Yu mentioned at [1] about the mlock() can't be applied to large folio.

I leant the related code and here is my understanding:
- For RLIMIT_MEMLOCK related, there is no problem. Because the
  RLIMIT_MEMLOCK statistics is not related underneath page. That means
  underneath page mlock or munlock doesn't impact the RLIMIT_MEMLOCK
  statistics collection which is always correct.

- For keeping the page in RAM, there is no problem either. At least,
  during try_to_unmap_one(), once detect the VMA has VM_LOCKED bit
  set in vm_flags, the folio will be kept whatever the folio is
  mlocked or not.

So the function of mlock for large folio works.
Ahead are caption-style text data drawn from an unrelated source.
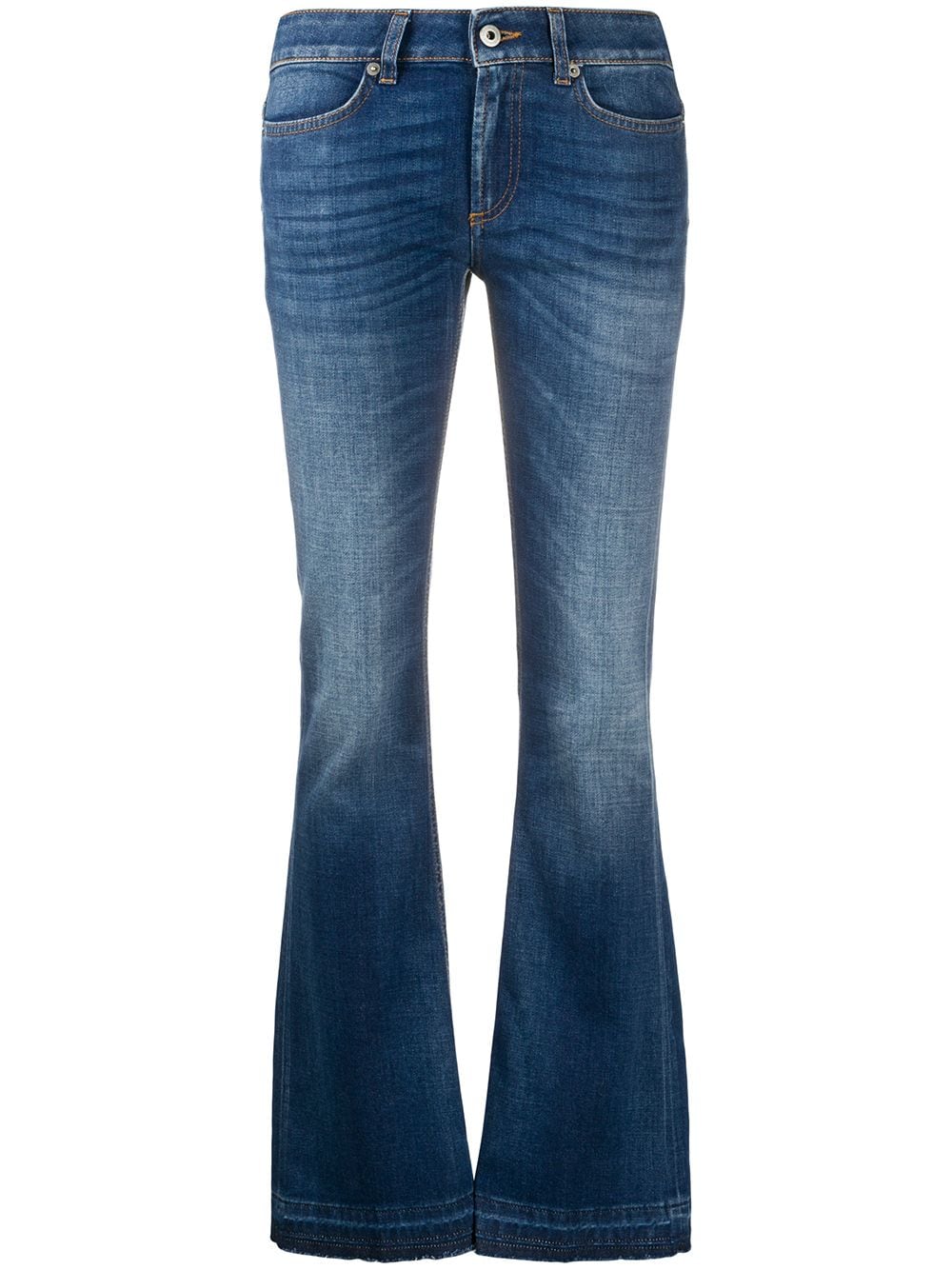 Dondup Low Rise Flared Jeans In Blue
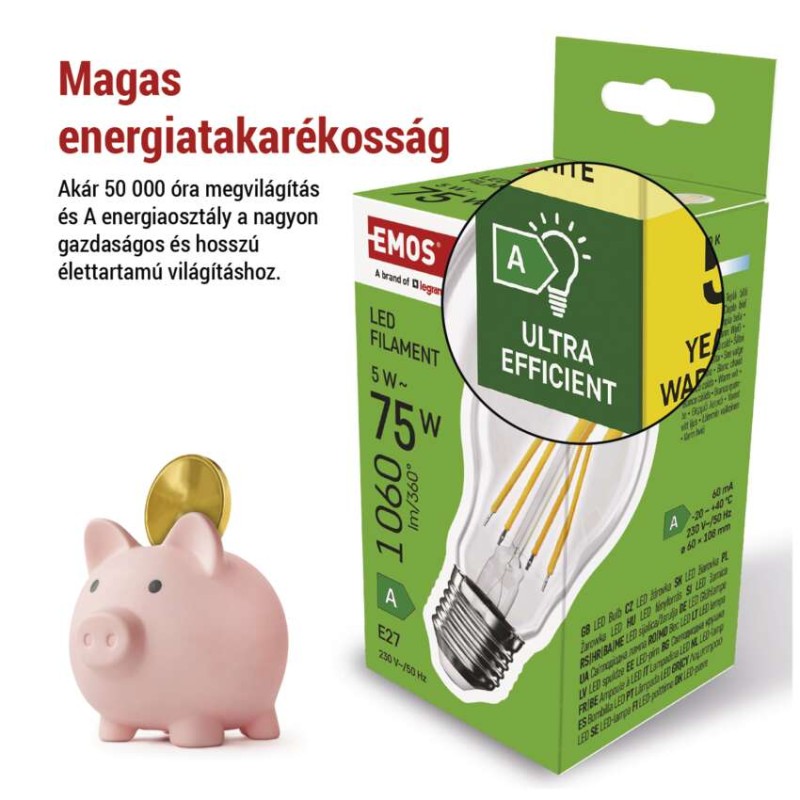 LED izzó Filament A60 A CLASS/ E27 / 5 W (75 W) / 1 060 lm / meleg fehér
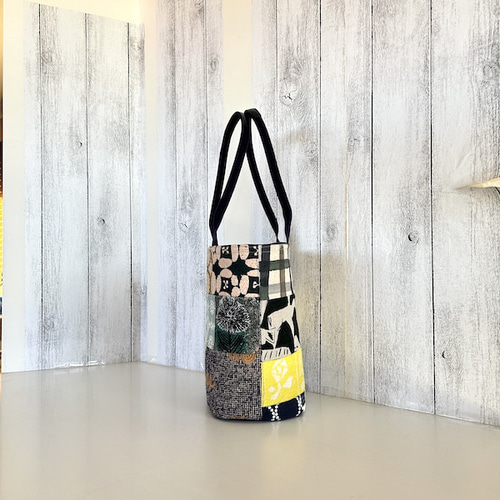 creema限定、ミナペルホネン、四角パッチ、トートバッグ ハンドバッグ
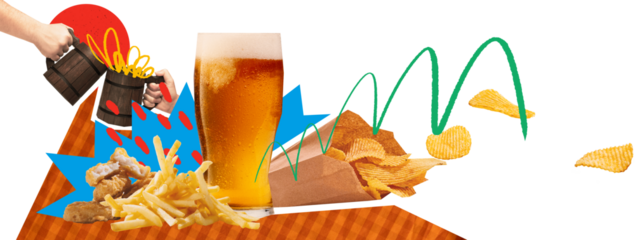 Energetic mixed media artwork of beer mug snacks and motion elements on transparent background. Concept of dynamic bar ads, promo posters, event visuals and food beverage marketing use. Banner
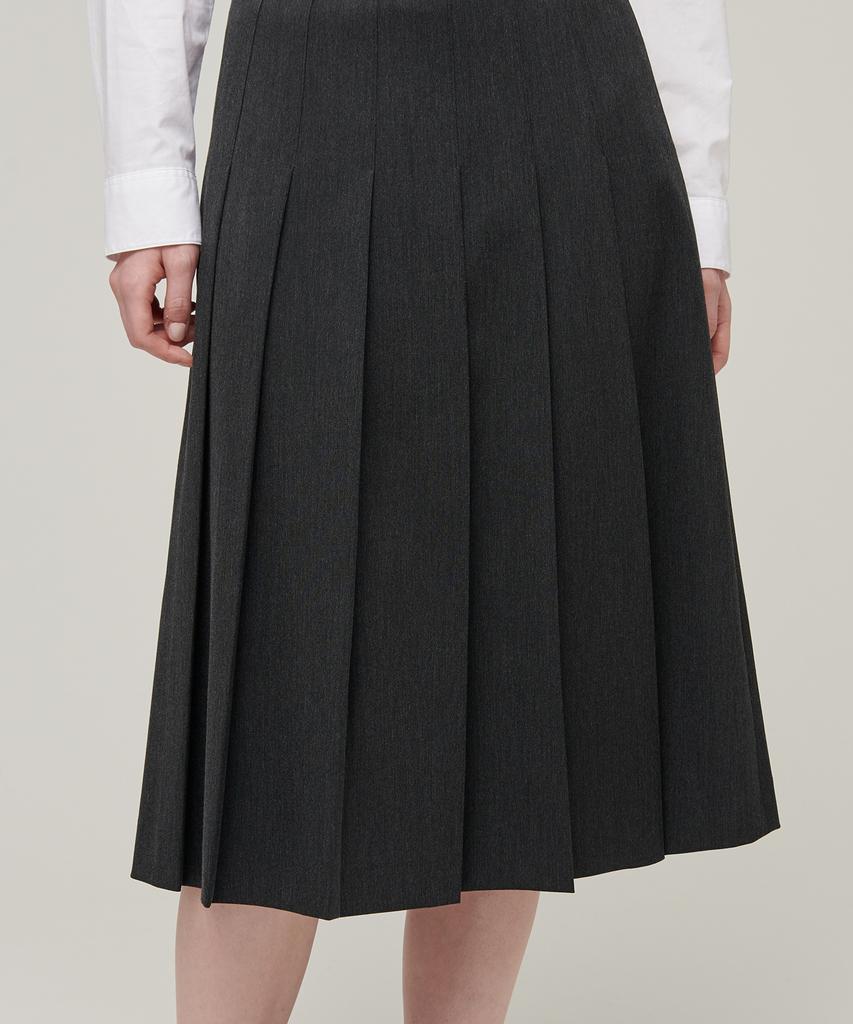 Musinsa Standard Woman Women'S Pleated Midi Skirt [Charcoal Gray]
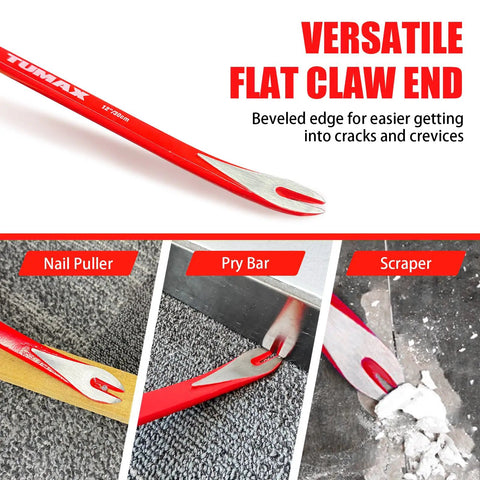 Two Piece Nail Puller Set With 12 Inch Pry Bar And 8 Inch Mini Crowbar Cat Paw Nail Remover showing flat claw end in use.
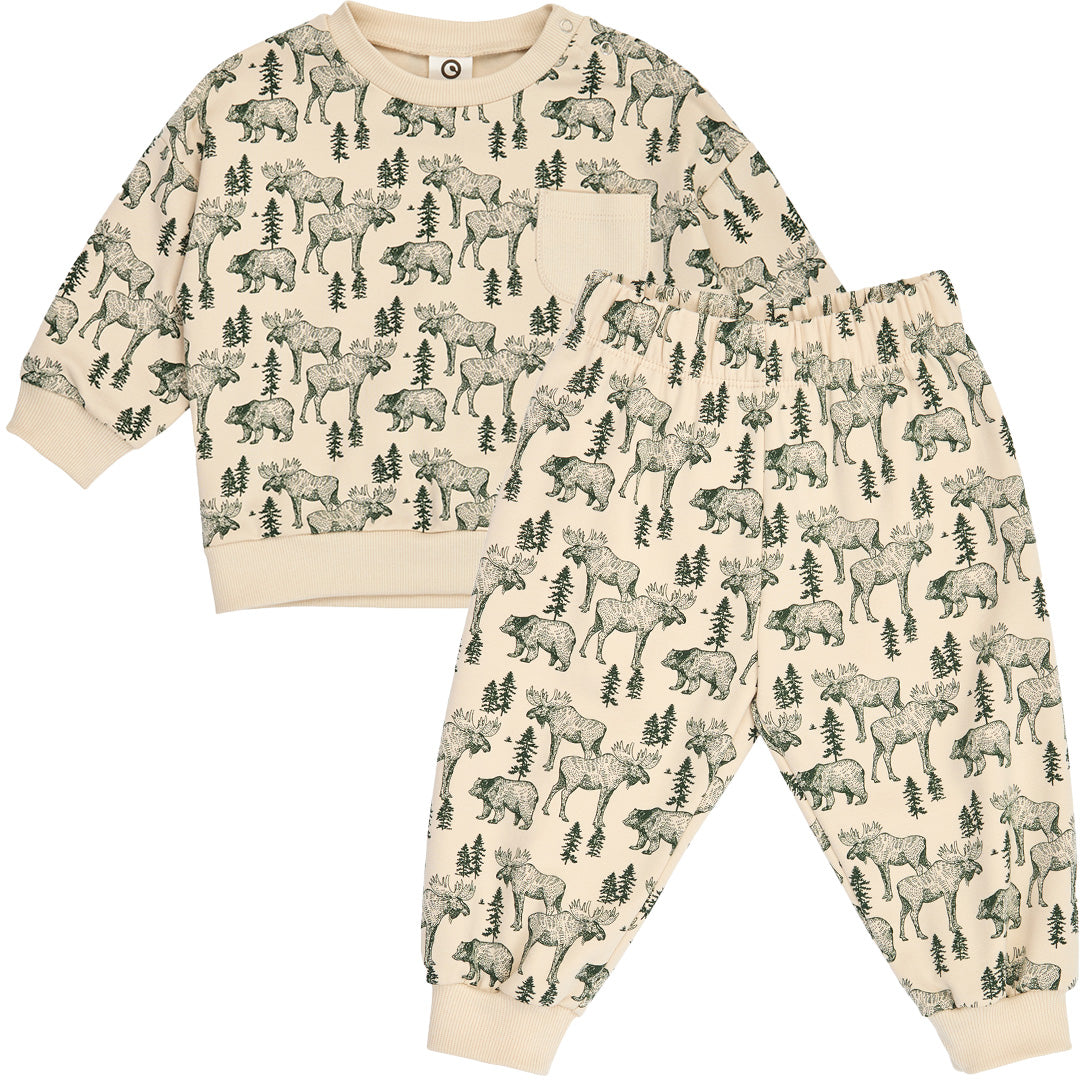 müsli Set aus Babyhose und Babylangarmshirt L_S Tee Oak/ Forest green 690000335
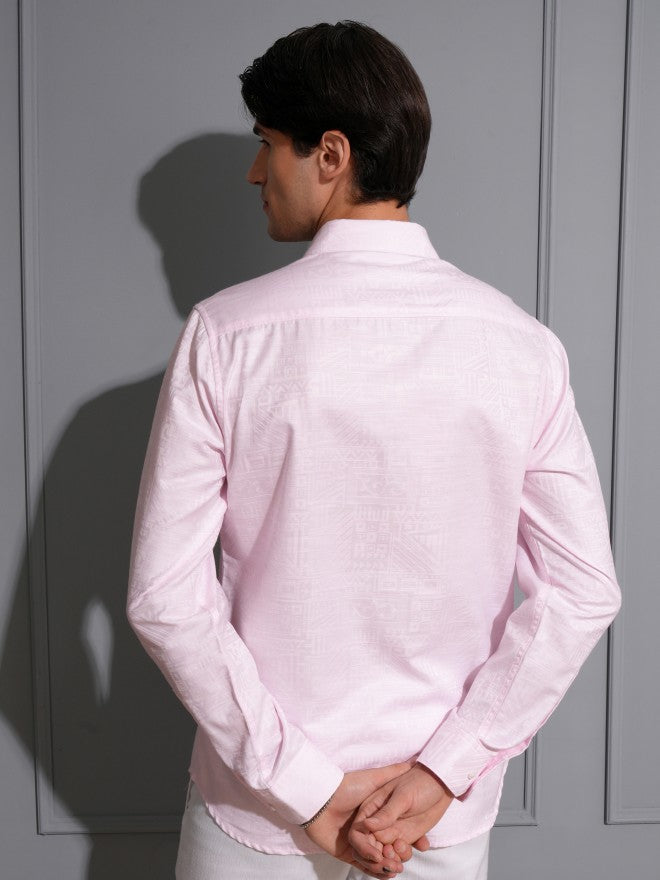 Locomotive Men Pink Textured Slim Fit Casual Shirt - Pink - Image 3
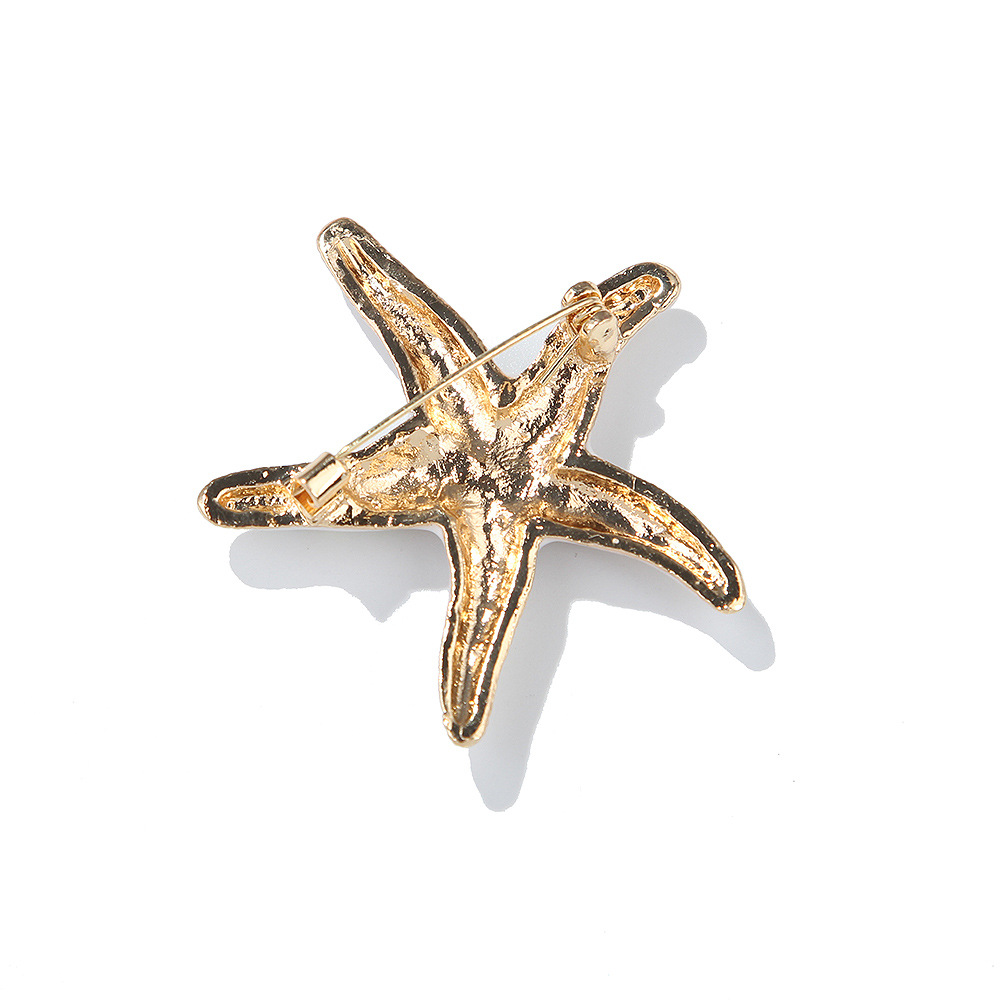 Enamel starfish brooch for women's summer clothing, men's hat decoration pin, metal light luxury accessory, starfish brooch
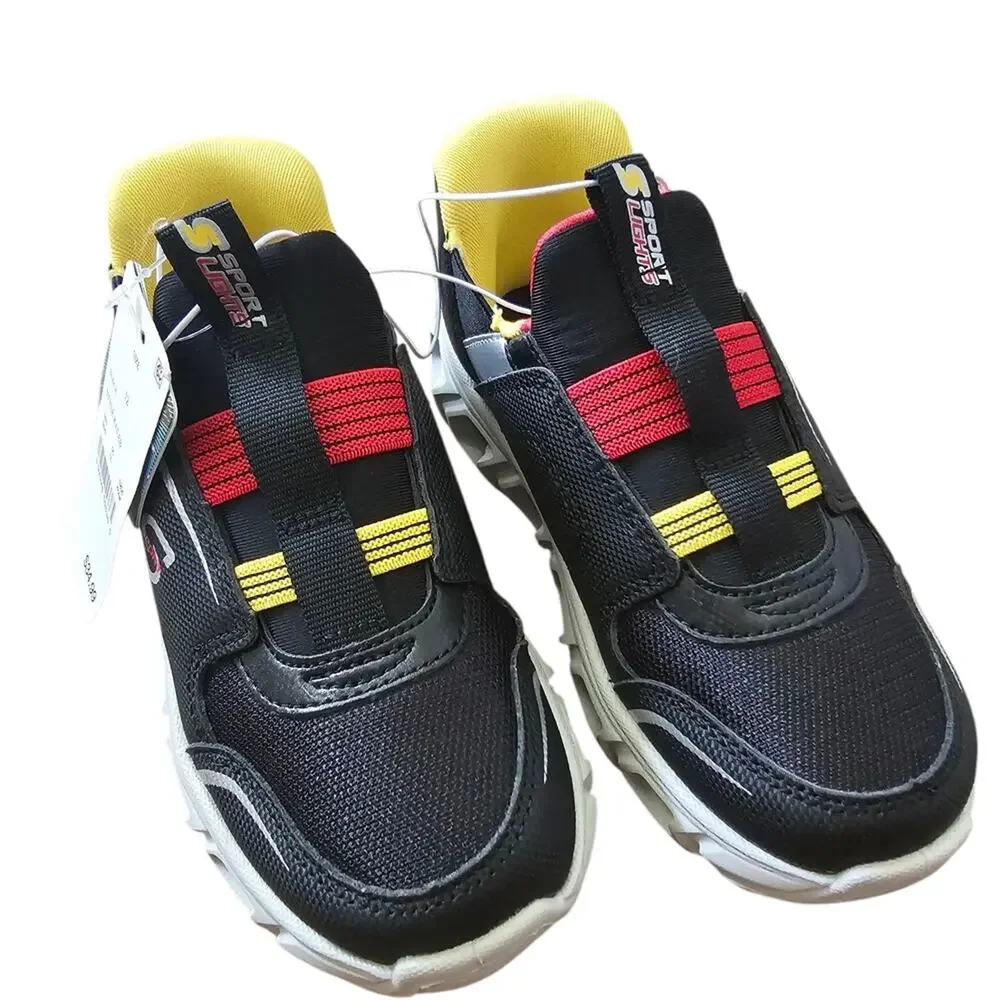 Skechers Kids' Black and Yellow Light-Up Sneakers 12 Toddler
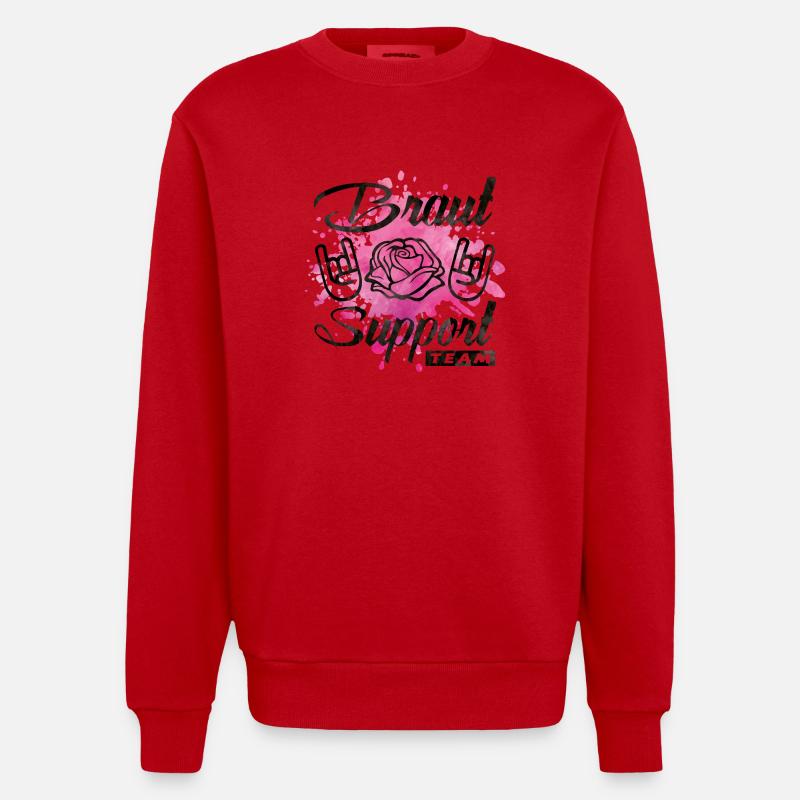 braut support rose party - Heavyweight Oversized Organic Crew Neck Made in EU - Rot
But it's not optimized
because the page reclaim needs scan these large folio and may split
them.

This series identified the large folio for mlock to four types:
  - The large folio is in VM_LOCKED range and fully mapped to the
    range

  - The large folio is in the VM_LOCKED range but not fully mapped to
    the range

  - The large folio cross VM_LOCKED VMA boundary

  - The large folio cross last level page table boundary

For the first type, we mlock large folio so page reclaim will skip it.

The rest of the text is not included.